Workstation GNU parallel example
This example launches one WES b37 shard per chromosome with two concurrent
CBIcall runs (-j 2). It assumes one sample map per chromosome, named
sample_map.chr1.txt ... sample_map.chr22.txt, sample_map.chrX.txt, and
sample_map.chrY.txt. Each sample map should contain absolute gVCF paths.
#!/usr/bin/env bash
set -euo pipefail
export CBICALL=/path/to/cbicall/bin/cbicall
export ROOT=/path/to/project
parallel --halt soon,fail=1 --joblog cbicall.shards.joblog -j 2 \
--env CBICALL --env ROOT '
set -euo pipefail
chr={1}
yaml="cbicall.chr${chr}.yaml"
printf "%s\n" \
"mode: cohort" \
"pipeline: wes" \
"workflow_backend: bash" \
"software_stack: gatk-4.6" \
"genome: b37" \
"sample_map: ${ROOT}/sample_map.chr${chr}.txt" \
"cohort_stage: shard" \
"interval_shard: ${chr}" \
"output_basename: cohort.chr${chr}" \
> "$yaml"
"$CBICALL" -p "$yaml" -t 4
' ::: $(seq 22 -1 1) X Y
For WES b37, interval_shard uses bare contig labels (1, 2, ..., 22,
X, Y) because the bundled b37 exome interval list uses bare contig names.
For WGS hg38, use reference-dictionary labels such as chr1.
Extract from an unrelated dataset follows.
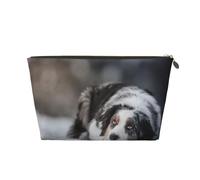 Cani grigi bianchi di neve di inverno del pastore australiano, Borsa per il trucco Borsa per cosmetici Borsa da toilette da viaggio portatile Borsa da toilette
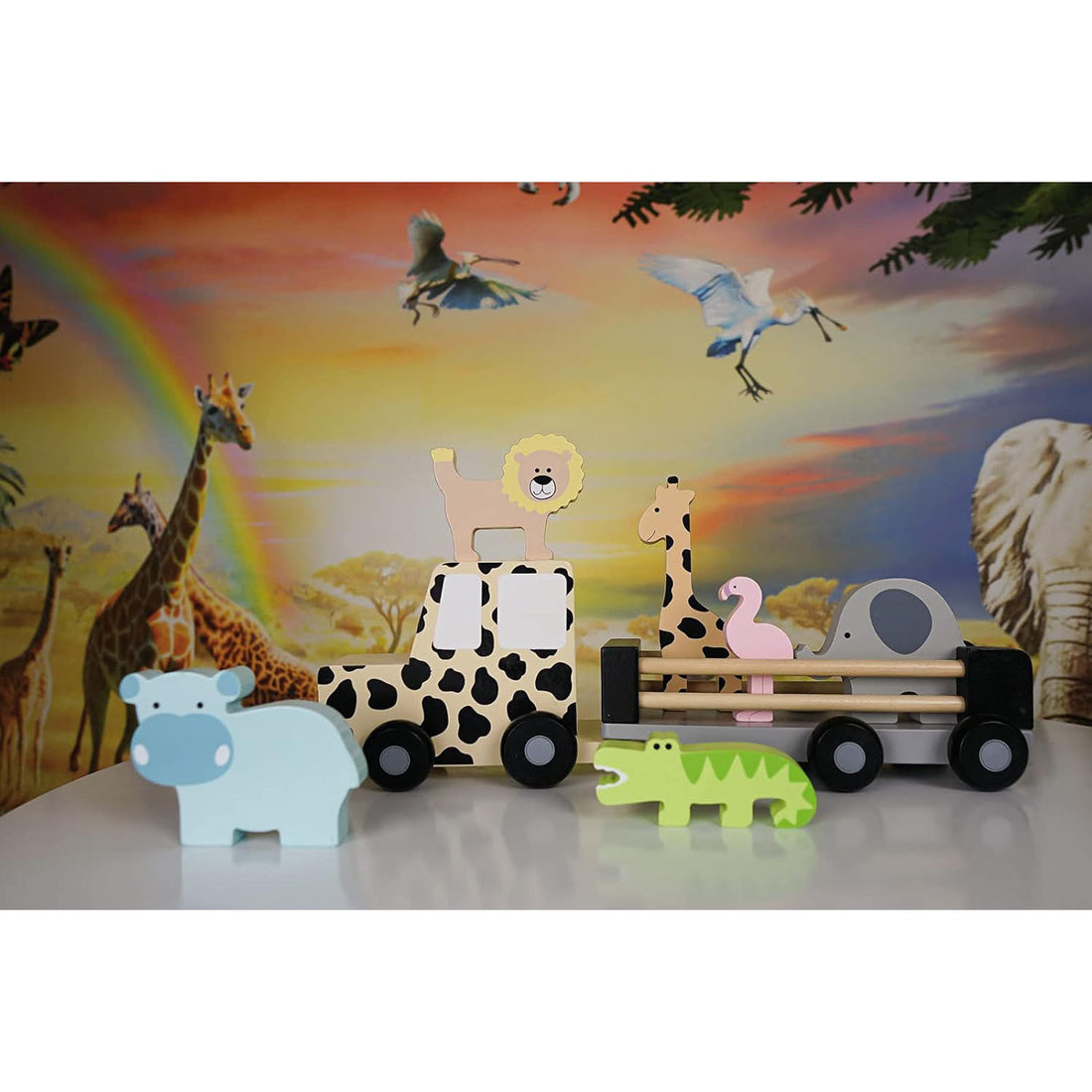 Coche Safari con animales de madera - Jeep - Jababado W7171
After all shard jobs finish, concatenate the raw shard VCFs in genomic order:
set -euo pipefail
for chr in $(seq 1 22) X Y; do
ls -1 cbicall_*/02_varcall/cohort.chr${chr}.gv.raw.vcf.gz
done > raw_vcfs.list
bcftools concat -f raw_vcfs.list -Oz -o cohort.gathered.gv.raw.vcf.gz
bcftools index -t cohort.gathered.gv.raw.vcf.gz
Finalize run
The finalize run does not need sample_map. It starts from the gathered raw VCF
and produces the same kind of filtered cohort output as the default all run.
mode: cohort
pipeline: wgs
workflow_backend: bash
software_stack: gatk-4.6
genome: hg38
cohort_stage: finalize
input_vcf: ./cohort.gathered.gv.raw.vcf.gz
output_basename: cohort
bin/cbicall run -p cohort.finalize.yaml -t 12
Output Files
In these filenames, gv means GenotypeGVCFs: the raw VCF is the direct
joint-genotyped output from that GATK step, and the QC VCF is the filtered
version used downstream.
The default basename is cohort. If output_basename is set, replace cohort
below with that value.
| File | Description |
|---|---|
cohort.gv.raw.vcf.gz | Raw cohort joint-genotyped VCF |
cohort.snp.recal.vcf.gz | SNP VQSR model VCF |
cohort.snp.tranches.txt | SNP VQSR tranches and diagnostics |
cohort.indel.recal.vcf.gz | INDEL VQSR model VCF |
cohort.indel.tranches.txt | INDEL VQSR tranches and diagnostics |
cohort.post_snp.vcf.gz | VCF after applying SNP VQSR |
cohort.vqsr.vcf.gz | VCF after applying SNP and INDEL VQSR |
cohort.gv.QC.vcf.gz | Final hard-filtered cohort QC VCF (recommended) |
logs/cohort_joint_genotyping.log | Main log file for the cohort pipeline |
When to Use This Pipeline
- After you have gVCFs from the single-sample pipeline.
- When you need a single VCF for all samples for:
- Family-based segregation analysis.
- Case/control or population cohorts.
- Downstream tools that expect joint genotypes.